* _THE PROBLEM_:
Starting at the first line of the records below, transcribe each line exactly, ending with the line that contains "new 2026 Chevrolet".

(Collection entries)
*** Begin section ***

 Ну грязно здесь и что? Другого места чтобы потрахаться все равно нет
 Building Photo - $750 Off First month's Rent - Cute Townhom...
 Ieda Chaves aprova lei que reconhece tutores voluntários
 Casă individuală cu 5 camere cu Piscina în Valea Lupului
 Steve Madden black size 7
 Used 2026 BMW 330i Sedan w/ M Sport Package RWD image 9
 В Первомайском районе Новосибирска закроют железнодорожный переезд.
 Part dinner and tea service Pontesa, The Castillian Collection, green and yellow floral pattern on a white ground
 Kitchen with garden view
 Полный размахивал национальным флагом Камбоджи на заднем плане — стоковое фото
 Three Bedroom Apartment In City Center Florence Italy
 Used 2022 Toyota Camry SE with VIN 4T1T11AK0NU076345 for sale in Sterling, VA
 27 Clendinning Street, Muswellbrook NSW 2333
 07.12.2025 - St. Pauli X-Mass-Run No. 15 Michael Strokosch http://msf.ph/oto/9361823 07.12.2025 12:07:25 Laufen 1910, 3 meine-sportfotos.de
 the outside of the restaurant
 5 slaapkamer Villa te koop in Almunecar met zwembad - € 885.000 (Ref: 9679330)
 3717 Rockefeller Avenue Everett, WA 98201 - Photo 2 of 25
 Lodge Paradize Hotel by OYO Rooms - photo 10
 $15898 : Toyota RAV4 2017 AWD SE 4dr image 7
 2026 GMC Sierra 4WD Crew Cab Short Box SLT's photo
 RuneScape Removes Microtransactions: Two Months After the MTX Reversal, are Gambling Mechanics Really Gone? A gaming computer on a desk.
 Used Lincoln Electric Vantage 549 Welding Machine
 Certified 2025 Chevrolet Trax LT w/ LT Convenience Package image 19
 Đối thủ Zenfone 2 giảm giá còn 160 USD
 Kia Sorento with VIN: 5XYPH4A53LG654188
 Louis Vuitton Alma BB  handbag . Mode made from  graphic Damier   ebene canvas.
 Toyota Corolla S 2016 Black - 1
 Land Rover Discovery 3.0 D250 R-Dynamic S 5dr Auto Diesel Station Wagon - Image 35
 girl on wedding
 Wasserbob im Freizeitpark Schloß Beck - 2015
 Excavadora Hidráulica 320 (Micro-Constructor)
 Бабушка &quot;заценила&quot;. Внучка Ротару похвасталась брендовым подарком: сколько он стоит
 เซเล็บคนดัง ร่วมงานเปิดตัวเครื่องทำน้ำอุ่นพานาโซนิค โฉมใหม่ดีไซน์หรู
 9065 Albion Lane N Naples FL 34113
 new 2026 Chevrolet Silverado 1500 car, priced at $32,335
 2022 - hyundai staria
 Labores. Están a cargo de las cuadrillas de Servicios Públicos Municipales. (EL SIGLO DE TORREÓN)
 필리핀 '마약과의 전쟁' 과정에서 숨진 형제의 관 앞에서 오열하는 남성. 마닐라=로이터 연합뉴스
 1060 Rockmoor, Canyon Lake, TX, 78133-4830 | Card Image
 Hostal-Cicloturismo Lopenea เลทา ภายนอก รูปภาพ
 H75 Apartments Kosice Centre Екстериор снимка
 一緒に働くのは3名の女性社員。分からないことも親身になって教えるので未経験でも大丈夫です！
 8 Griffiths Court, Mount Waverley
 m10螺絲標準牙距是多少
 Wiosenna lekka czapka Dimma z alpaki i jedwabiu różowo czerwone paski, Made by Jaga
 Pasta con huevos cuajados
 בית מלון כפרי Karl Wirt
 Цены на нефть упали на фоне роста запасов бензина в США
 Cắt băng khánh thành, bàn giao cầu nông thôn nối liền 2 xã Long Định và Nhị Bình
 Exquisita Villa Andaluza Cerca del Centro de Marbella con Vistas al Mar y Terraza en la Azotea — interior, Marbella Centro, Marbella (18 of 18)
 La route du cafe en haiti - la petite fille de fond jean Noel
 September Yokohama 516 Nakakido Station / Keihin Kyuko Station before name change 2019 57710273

*** End section ***

* _REPLY_:
 Ну грязно здесь и что? Другого места чтобы потрахаться все равно нет
 Building Photo - $750 Off First month's Rent - Cute Townhom...
 Ieda Chaves aprova lei que reconhece tutores voluntários
 Casă individuală cu 5 camere cu Piscina în Valea Lupului
 Steve Madden black size 7
 Used 2026 BMW 330i Sedan w/ M Sport Package RWD image 9
 В Первомайском районе Новосибирска закроют железнодорожный переезд.
 Part dinner and tea service Pontesa, The Castillian Collection, green and yellow floral pattern on a white ground
 Kitchen with garden view
 Полный размахивал национальным флагом Камбоджи на заднем плане — стоковое фото
 Three Bedroom Apartment In City Center Florence Italy
 Used 2022 Toyota Camry SE with VIN 4T1T11AK0NU076345 for sale in Sterling, VA
 27 Clendinning Street, Muswellbrook NSW 2333
 07.12.2025 - St. Pauli X-Mass-Run No. 15 Michael Strokosch http://msf.ph/oto/9361823 07.12.2025 12:07:25 Laufen 1910, 3 meine-sportfotos.de
 the outside of the restaurant
 5 slaapkamer Villa te koop in Almunecar met zwembad - € 885.000 (Ref: 9679330)
 3717 Rockefeller Avenue Everett, WA 98201 - Photo 2 of 25
 Lodge Paradize Hotel by OYO Rooms - photo 10
 $15898 : Toyota RAV4 2017 AWD SE 4dr image 7
 2026 GMC Sierra 4WD Crew Cab Short Box SLT's photo
 RuneScape Removes Microtransactions: Two Months After the MTX Reversal, are Gambling Mechanics Really Gone? A gaming computer on a desk.
 Used Lincoln Electric Vantage 549 Welding Machine
 Certified 2025 Chevrolet Trax LT w/ LT Convenience Package image 19
 Đối thủ Zenfone 2 giảm giá còn 160 USD
 Kia Sorento with VIN: 5XYPH4A53LG654188
 Louis Vuitton Alma BB  handbag . Mode made from  graphic Damier   ebene canvas.
 Toyota Corolla S 2016 Black - 1
 Land Rover Discovery 3.0 D250 R-Dynamic S 5dr Auto Diesel Station Wagon - Image 35
 girl on wedding
 Wasserbob im Freizeitpark Schloß Beck - 2015
 Excavadora Hidráulica 320 (Micro-Constructor)
 Бабушка &quot;заценила&quot;. Внучка Ротару похвасталась брендовым подарком: сколько он стоит
 เซเล็บคนดัง ร่วมงานเปิดตัวเครื่องทำน้ำอุ่นพานาโซนิค โฉมใหม่ดีไซน์หรู
 9065 Albion Lane N Naples FL 34113
 new 2026 Chevrolet Silverado 1500 car, priced at $32,335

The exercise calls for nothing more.